I've been working on a project now for while which is devied between something we call "webs" (bad name, I know) and "buildings". Each web can have 1 or more buildings, and when you log in you log in to a particular web. Traditionally this was set up as separate vhosts in IIS, thus they were actually separate webs, except for the fact that they all ran the same code-base, however the new system that's being written moves away from this pattern.
Also, in the old system; what building you were currently viewing was stored in a session-variable, in other words one couldn't direct link to anything. Say for instance that you log in to web 01 on building 01 and navigate to the ao_list.asp (the old web was classic asp), you'd end up with an url looking something along the lines of web01.domain.com/ao/ao_list.asp, however in the new system you would have a url like this: domain.com/web-01/building-01/ao/. This ofcause takes you to the Index-method of the AOViewController.
All this work currently, and there is no problem with the navigation at all. In addition to said URL; there is a API-url that closely match the web-url given by domain.com/api/web-01/buildin-01/ao/. This also works great.
But from here comes the problem. Decorating every Controller in the project is the custom AuthorizeAttribute I wrote, that takes into consideration what building/web you are browsing while checking the user right. For instance; no user should have access to web's that isn't their respective user-web. And users can have different rights on different buildings.

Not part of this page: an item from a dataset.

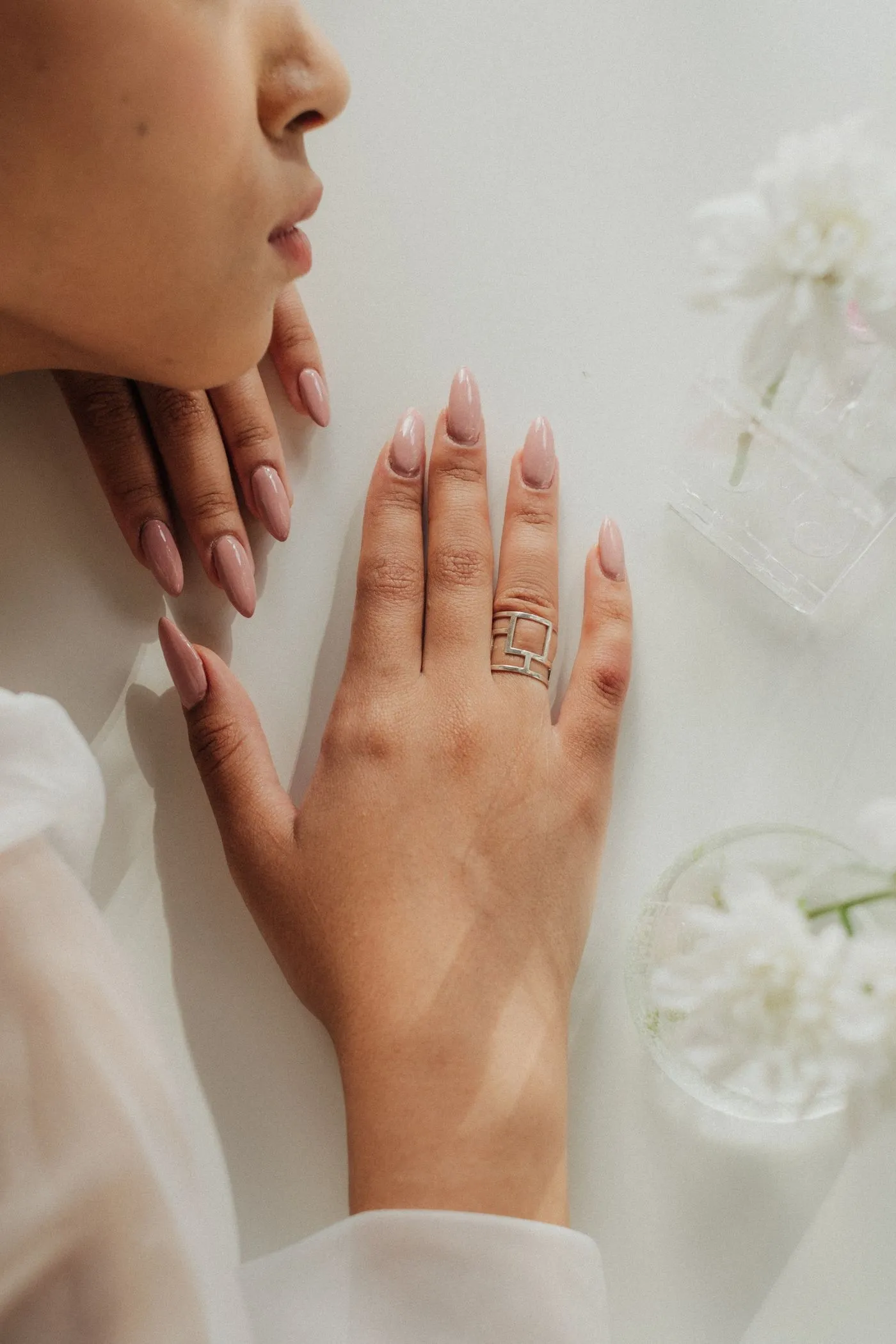 Main posée sur une surface blanche, ongles amande nude brillants, bague argent géométrique, lumière douce
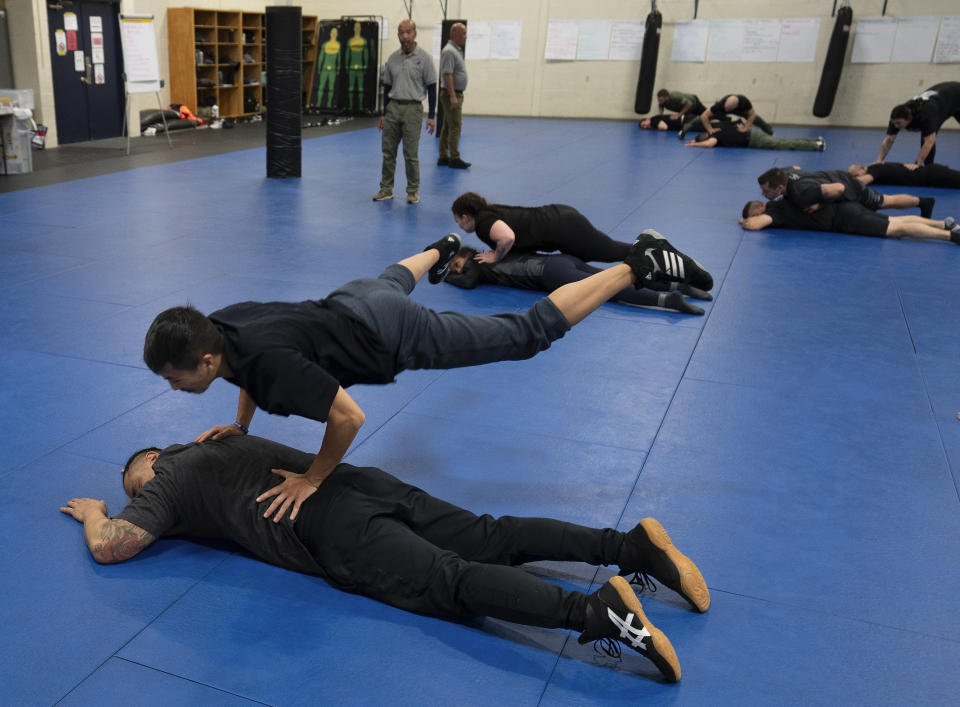 Students practice a maneuver on fellow students during an Arrest & Control Instructor course in Sacramento, Calif., on Thursday, Jan. 18, 2024. Law enforcement officers from various agencies attend the class where they receive instruction on basic techniques of arrest and control that they to take back to their agencies to pass along to fellow officers. (AP Photo/Rich Pedroncelli)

The attribute works by getting the building and web-number off from the route-dictionary, then using that when calculating the user-rights, and this works as one would suspect. However, there has been proven a need for API-methods that can aggregate API-calls over several buildings, and I'm struggling trying to figure out how I can implement these.
For instance; whenever a user goes to the start-page of the application; a ajax-requests is made to get a list over outstanding AO's in every building the user has access to. This is currently made one request per building, which might result in hundreds of requests in the worst case scenario. This of-cause is unacceptable, so what I would like would be to be able to do something like calling GET /api/web-01/ao/?buildings=01,02,03,04,06 then loop over the buildings on the server-side and return something like this:
[
{"building":"01","data":<result of calling /api/web-01/building-01/ao>},
{"building":"02","data":<result of calling /api/web-01/building-02/ao>},
{"building":"03","data":<result of calling /api/web-01/building-03/ao>},
etc...
]
And of cause, I would like to simply get an error if any permissions were attempted violated along the way.
Is there a good way I can implement this without having to change the actual implementation of the Index-method on the API.AOController?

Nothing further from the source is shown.